Carpe Diem: On the Evaluation of World Knowledge in Lifelong Language Models
This work addresses the challenge of evaluating and improving language models for real-world knowledge updates, which is incremental as it builds on existing continual learning methods.
The authors tackled the problem of language models adapting to evolving world knowledge by introducing EvolvingQA, a temporally evolving question-answering benchmark, and found that existing continual learning baselines struggle with updating and removing outdated knowledge, particularly for numerical or temporal information.

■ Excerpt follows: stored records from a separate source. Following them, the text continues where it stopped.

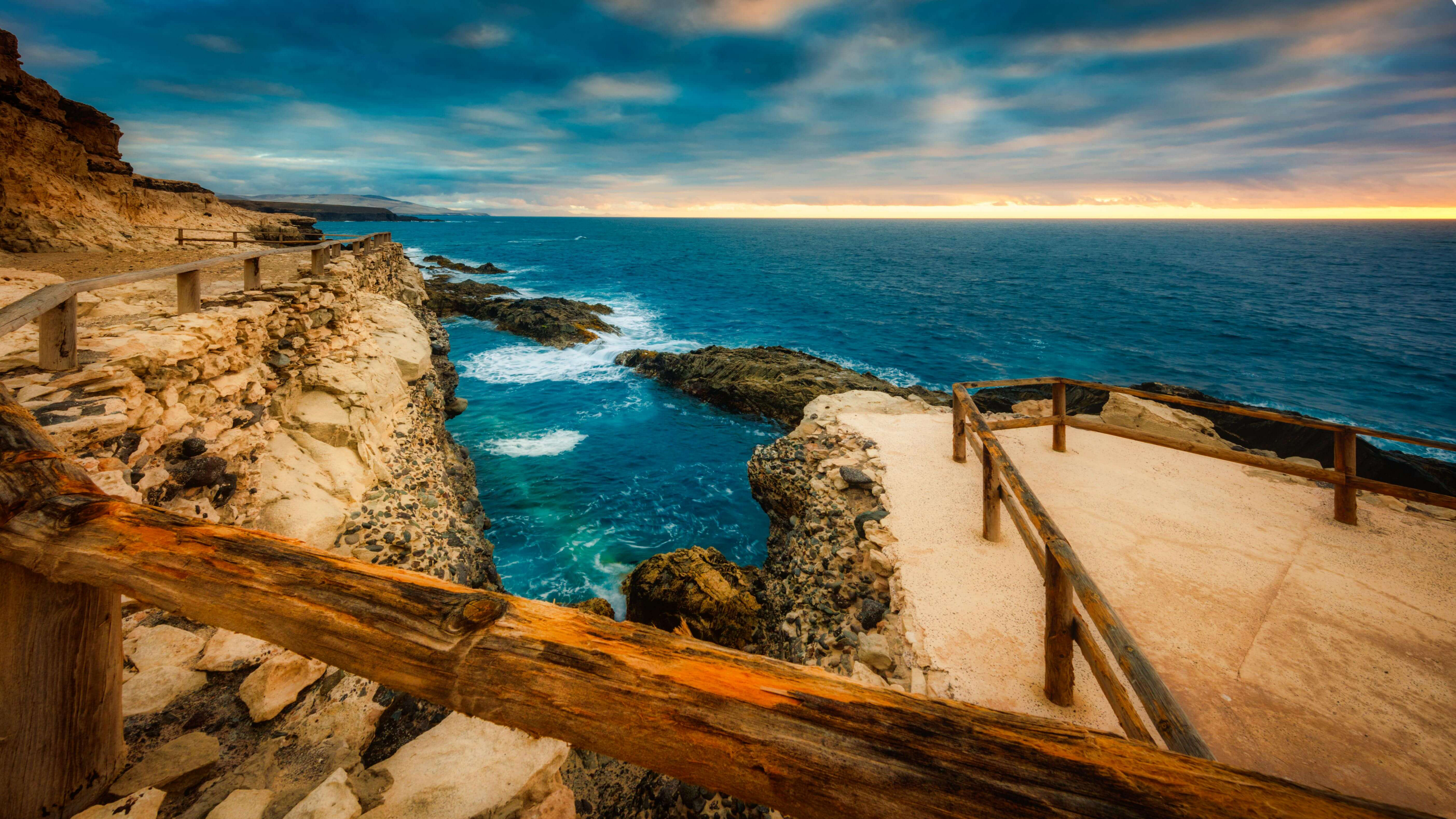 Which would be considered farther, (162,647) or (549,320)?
(549,320)

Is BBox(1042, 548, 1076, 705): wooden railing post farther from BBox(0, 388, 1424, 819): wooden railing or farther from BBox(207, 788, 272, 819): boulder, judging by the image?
BBox(207, 788, 272, 819): boulder

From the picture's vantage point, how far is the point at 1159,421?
10.8m

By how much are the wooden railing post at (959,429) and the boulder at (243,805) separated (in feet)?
26.0

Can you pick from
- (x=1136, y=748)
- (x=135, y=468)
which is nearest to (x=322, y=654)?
(x=1136, y=748)

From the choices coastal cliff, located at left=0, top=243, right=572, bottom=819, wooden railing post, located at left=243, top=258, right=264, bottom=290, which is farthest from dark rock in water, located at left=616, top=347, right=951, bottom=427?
wooden railing post, located at left=243, top=258, right=264, bottom=290

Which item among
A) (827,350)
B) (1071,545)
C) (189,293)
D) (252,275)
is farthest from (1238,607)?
(827,350)

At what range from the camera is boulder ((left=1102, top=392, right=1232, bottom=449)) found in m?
10.5

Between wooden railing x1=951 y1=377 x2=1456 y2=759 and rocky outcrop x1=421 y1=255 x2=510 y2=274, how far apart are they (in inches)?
2101

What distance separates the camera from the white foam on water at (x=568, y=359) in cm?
2294

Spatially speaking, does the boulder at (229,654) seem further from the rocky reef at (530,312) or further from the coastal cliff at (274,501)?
the rocky reef at (530,312)

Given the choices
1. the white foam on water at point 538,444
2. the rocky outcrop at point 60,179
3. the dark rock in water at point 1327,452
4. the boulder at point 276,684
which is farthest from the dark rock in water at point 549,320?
the boulder at point 276,684

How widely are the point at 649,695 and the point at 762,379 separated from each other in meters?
18.8

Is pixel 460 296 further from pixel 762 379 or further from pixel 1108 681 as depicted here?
pixel 1108 681

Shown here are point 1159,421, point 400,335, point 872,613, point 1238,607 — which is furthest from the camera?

The dynamic nature of knowledge in an ever-changing world presents challenges for language models trained on static data; the model in the real world often requires not only acquiring new knowledge but also overwriting outdated information into updated ones. To study the ability of language models for these time-dependent dynamics in human language, we introduce a novel task, EvolvingQA, a temporally evolving question-answering benchmark designed for training and evaluating LMs on an evolving Wikipedia database. The construction of EvolvingQA is automated with our pipeline using large language models. We uncover that existing continual learning baselines suffer from updating and removing outdated knowledge. Our analysis suggests that models fail to rectify knowledge due to small weight gradients. In addition, we elucidate that language models particularly struggle to reflect the change of numerical or temporal information. Our work aims to model the dynamic nature of real-world information, suggesting faithful evaluations of the evolution-adaptability of language models.